YOUR TASK: The answer must be every entry below, word for word, with the pictures left out.

EXTRACTED RECORDS:
┄┄┄┄┄┄┄┄┄┄┄┄┄┄┄┄┄┄┄┄

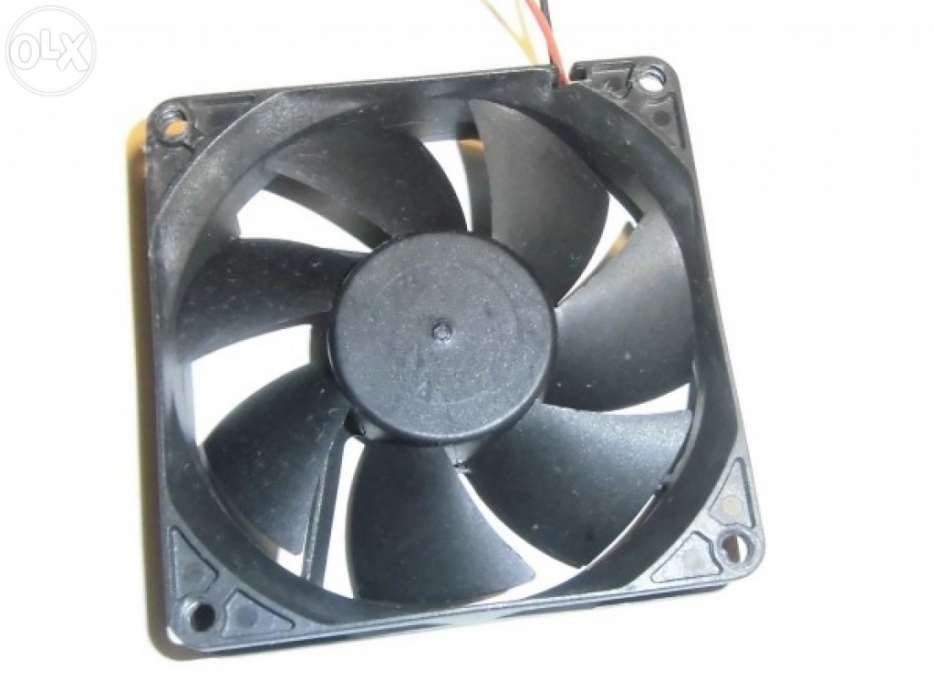 Ventilador 40, 80 e 120mm - 12V e 24V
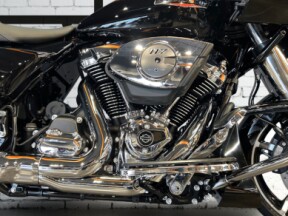 2026 Harley-Davidson® Road Glide® Vivid Black Chrome Trim thumb 1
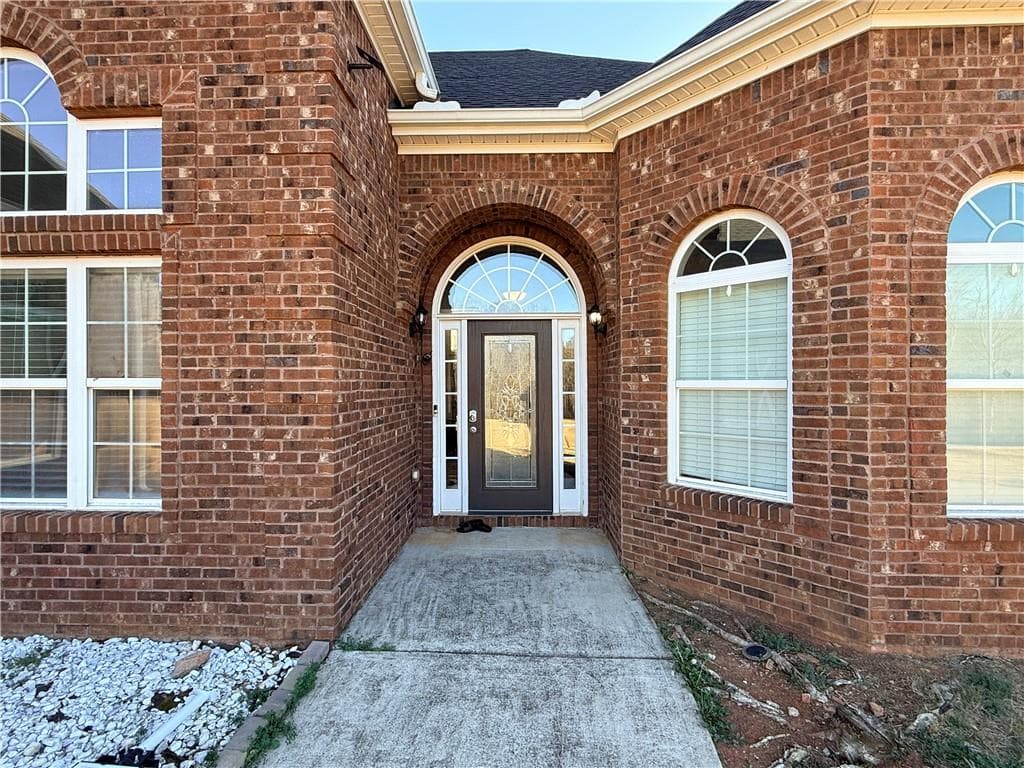 4 bedroom, 4 bathroom, 3,218 sq ft single family residence for sale at 320 Pecan Court, Mcdonough, GA 30252 — photo 4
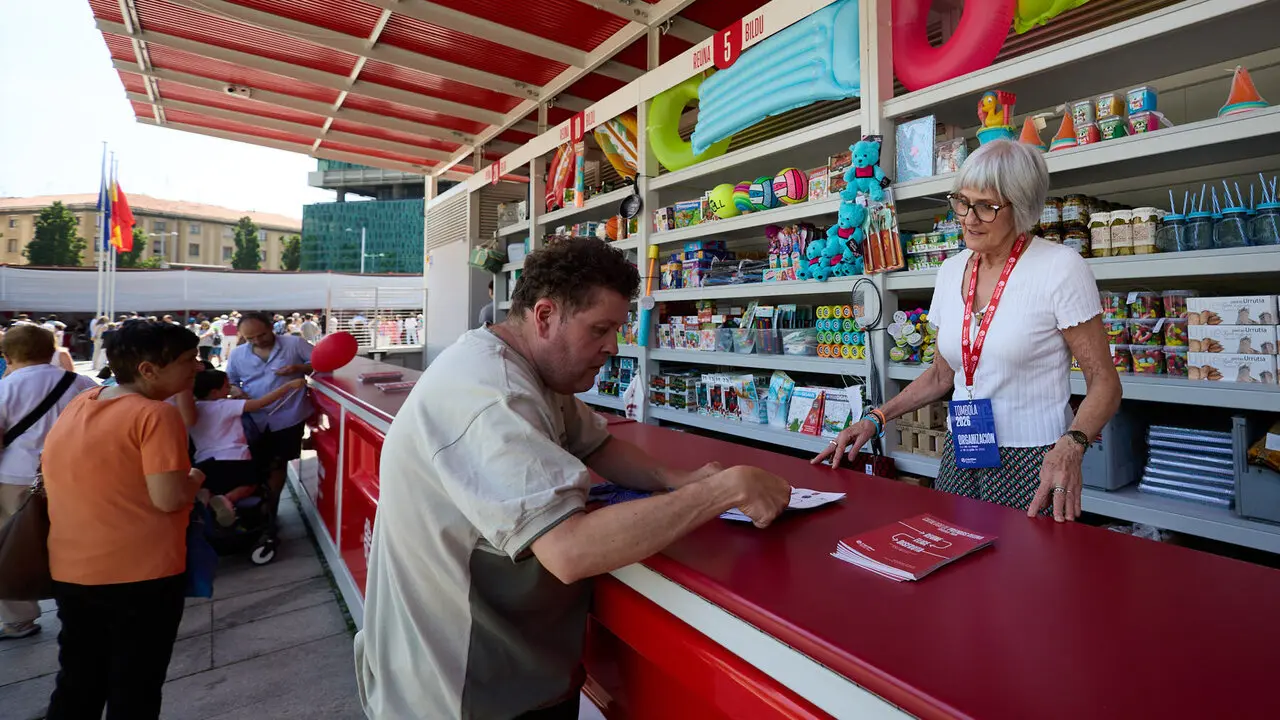 Inauguraci&oacute;n de la T&oacute;mbola de C&aacute;ritas 2026. I&Ntilde;IGO ALZUGARAY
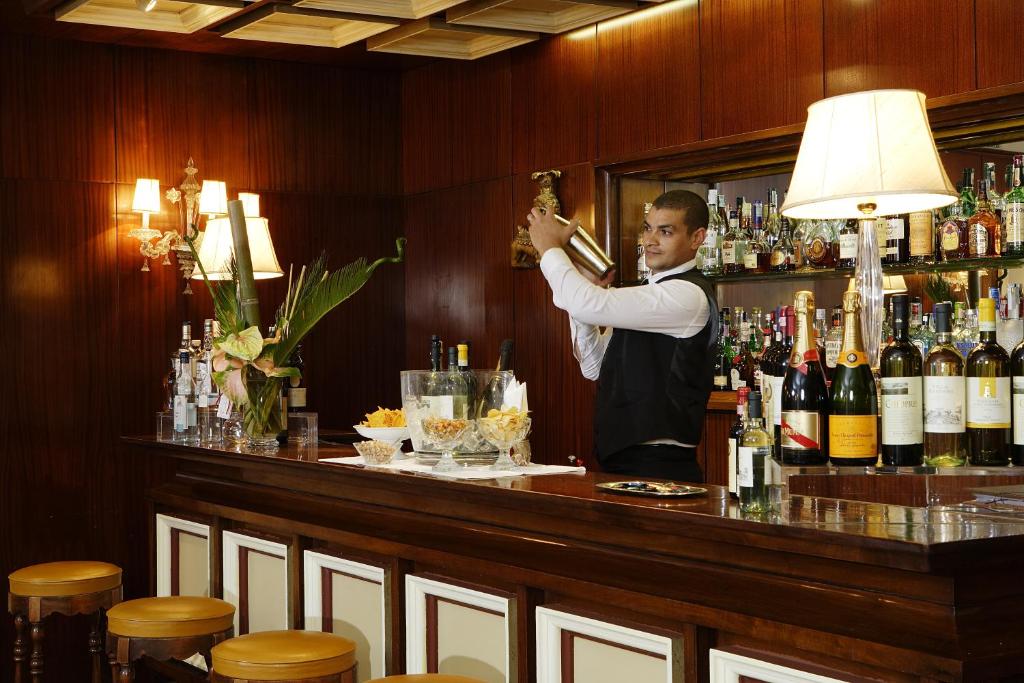 Hotel De La Ville - Resim 38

┄┄┄┄┄┄┄┄┄┄┄┄┄┄┄┄┄┄┄┄

WRITTEN RESPONSE:
 Ventilador 40, 80 e 120mm - 12V e 24V
 2026 Harley-Davidson® Road Glide® Vivid Black Chrome Trim thumb 1
 4 bedroom, 4 bathroom, 3,218 sq ft single family residence for sale at 320 Pecan Court, Mcdonough, GA 30252 — photo 4
 Inauguraci&oacute;n de la T&oacute;mbola de C&aacute;ritas 2026. I&Ntilde;IGO ALZUGARAY
 Hotel De La Ville - Resim 38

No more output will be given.